In the first month, a total of 6,600 tickets were issued. For those without a calculator nearby, that’s $693,000 – from a town of 2,200. Since then, the revenue has surpassed the $1 million mark. Unlike a regular utility, which cities would usually pay out-right for, the installers of these speed cameras, Optotraffic, earns its pay by snatching up 40% of the value of each ticket handed out. Could it be that these cameras were configured to be a little too strict? The only other option is that everyone in this town – and their dog – drives no other way but flat-footed.
While it doesn’t seem to be the case for Elmwood, Dayton recently experienced a surge of outraged drivers due to speed cameras, and some have refused to pay their tickets. In that particular city, though, two unpaid tickets gives the city the right to tow your car.

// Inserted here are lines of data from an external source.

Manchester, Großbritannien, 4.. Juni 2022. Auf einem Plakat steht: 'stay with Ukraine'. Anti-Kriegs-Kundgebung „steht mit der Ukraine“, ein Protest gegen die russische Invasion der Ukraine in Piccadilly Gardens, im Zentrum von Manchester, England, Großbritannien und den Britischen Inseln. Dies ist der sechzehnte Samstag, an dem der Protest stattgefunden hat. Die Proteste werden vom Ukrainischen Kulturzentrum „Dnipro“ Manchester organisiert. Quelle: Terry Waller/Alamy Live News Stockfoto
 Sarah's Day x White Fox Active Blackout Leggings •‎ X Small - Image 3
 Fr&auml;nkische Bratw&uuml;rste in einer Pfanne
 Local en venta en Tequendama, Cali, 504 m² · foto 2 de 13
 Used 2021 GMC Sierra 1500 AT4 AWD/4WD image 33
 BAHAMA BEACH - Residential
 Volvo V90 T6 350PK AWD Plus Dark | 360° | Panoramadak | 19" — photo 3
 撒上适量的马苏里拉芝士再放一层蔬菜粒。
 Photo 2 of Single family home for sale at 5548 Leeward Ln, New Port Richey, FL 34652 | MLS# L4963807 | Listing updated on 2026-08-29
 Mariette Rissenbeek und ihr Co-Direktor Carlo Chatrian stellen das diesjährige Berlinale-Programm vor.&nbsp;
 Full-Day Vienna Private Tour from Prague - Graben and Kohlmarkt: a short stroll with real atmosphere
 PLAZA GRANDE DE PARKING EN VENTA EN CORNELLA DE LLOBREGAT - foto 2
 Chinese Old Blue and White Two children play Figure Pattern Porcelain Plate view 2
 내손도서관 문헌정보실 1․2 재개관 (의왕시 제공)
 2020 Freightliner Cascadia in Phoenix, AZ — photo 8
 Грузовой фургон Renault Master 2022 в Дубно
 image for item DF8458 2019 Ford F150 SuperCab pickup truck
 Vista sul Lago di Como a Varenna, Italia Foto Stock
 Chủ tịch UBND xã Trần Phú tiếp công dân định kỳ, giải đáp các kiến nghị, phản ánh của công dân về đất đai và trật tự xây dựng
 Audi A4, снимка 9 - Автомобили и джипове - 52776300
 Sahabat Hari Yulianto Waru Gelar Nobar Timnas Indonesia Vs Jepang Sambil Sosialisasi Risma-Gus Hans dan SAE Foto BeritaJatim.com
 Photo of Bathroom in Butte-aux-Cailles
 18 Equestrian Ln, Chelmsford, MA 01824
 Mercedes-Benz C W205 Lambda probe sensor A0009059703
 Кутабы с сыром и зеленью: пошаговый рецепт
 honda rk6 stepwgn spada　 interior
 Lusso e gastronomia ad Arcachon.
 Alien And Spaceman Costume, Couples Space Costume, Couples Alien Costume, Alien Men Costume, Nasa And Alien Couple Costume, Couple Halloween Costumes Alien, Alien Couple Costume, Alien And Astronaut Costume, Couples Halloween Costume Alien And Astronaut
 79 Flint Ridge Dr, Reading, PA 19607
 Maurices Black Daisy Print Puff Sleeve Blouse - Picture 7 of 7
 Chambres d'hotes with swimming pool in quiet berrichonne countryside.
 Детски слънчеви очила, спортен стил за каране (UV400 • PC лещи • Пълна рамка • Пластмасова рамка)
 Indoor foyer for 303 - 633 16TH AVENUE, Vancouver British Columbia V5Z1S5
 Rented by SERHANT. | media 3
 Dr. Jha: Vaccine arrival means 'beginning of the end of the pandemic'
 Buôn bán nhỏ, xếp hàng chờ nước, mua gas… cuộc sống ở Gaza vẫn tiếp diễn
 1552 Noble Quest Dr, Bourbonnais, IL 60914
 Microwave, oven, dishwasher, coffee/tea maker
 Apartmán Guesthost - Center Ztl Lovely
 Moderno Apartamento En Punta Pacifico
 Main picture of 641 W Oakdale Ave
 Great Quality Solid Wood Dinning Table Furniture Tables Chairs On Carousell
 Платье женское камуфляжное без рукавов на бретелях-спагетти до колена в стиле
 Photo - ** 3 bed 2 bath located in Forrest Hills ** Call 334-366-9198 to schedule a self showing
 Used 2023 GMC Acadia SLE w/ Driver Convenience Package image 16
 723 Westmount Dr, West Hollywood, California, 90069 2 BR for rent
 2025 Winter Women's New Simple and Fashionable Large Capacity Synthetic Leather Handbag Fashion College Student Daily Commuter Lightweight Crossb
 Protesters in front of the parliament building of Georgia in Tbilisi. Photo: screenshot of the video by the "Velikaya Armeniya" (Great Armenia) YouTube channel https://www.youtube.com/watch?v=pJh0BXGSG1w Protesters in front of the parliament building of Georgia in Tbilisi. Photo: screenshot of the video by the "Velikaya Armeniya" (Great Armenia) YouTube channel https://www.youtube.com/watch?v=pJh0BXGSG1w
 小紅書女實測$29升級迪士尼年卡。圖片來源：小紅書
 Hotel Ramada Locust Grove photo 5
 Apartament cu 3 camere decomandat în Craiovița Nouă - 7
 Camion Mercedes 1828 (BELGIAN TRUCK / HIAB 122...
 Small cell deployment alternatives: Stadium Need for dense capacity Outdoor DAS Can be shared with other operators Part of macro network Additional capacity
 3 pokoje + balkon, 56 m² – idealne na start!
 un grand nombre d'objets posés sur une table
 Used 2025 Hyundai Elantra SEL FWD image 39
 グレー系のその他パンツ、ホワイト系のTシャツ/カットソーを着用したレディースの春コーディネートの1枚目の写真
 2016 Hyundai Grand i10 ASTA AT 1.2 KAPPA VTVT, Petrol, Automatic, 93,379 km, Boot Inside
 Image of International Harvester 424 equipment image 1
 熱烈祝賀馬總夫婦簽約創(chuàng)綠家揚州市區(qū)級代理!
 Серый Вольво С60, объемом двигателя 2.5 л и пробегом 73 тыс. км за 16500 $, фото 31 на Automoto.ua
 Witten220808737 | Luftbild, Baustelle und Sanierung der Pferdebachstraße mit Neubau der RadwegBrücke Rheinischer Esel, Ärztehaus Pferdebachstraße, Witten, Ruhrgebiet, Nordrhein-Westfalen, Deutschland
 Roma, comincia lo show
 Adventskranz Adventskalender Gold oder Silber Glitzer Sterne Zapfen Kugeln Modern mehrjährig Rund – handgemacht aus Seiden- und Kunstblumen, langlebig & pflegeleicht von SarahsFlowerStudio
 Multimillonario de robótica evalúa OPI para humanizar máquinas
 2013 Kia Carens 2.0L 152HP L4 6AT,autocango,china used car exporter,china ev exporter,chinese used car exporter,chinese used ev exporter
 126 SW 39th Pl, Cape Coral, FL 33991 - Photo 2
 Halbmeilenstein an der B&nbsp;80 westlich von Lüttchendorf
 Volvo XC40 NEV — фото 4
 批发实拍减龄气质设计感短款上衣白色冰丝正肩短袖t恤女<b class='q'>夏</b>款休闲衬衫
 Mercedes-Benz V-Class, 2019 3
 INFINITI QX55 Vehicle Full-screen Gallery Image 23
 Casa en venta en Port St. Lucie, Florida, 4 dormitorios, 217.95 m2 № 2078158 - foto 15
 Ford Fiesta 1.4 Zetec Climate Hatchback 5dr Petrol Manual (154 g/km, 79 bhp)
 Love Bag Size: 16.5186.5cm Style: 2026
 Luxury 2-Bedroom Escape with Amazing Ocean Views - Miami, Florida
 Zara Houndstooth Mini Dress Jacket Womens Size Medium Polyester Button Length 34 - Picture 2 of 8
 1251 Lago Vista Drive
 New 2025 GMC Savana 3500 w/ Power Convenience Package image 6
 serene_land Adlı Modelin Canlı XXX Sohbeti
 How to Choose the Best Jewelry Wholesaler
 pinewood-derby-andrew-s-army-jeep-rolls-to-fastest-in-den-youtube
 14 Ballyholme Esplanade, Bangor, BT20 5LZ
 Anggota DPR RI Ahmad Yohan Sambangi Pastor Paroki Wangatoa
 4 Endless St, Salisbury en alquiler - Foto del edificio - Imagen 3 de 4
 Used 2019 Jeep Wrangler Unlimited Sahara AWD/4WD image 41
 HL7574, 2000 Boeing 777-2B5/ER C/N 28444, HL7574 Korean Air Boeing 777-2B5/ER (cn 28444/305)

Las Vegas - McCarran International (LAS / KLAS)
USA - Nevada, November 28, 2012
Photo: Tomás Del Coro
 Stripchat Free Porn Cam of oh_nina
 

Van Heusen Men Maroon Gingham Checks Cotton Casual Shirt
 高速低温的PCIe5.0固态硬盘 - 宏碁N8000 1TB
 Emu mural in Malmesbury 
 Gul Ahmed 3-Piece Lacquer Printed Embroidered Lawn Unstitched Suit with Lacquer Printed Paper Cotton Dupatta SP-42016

Picture yourself out and about, only to return to your car and it be missing because of unpaid traffic tickets that you felt you simply didn’t deserve.
I certainly don’t think that speed cameras are a waste of time, because clearly, if someone is going way over the speed limit, so as to become a true danger to other drivers, they should be sought out. But in cases like these, it seems highly likely that there are many more innocent drivers receiving these tickets than those that actually deserve it.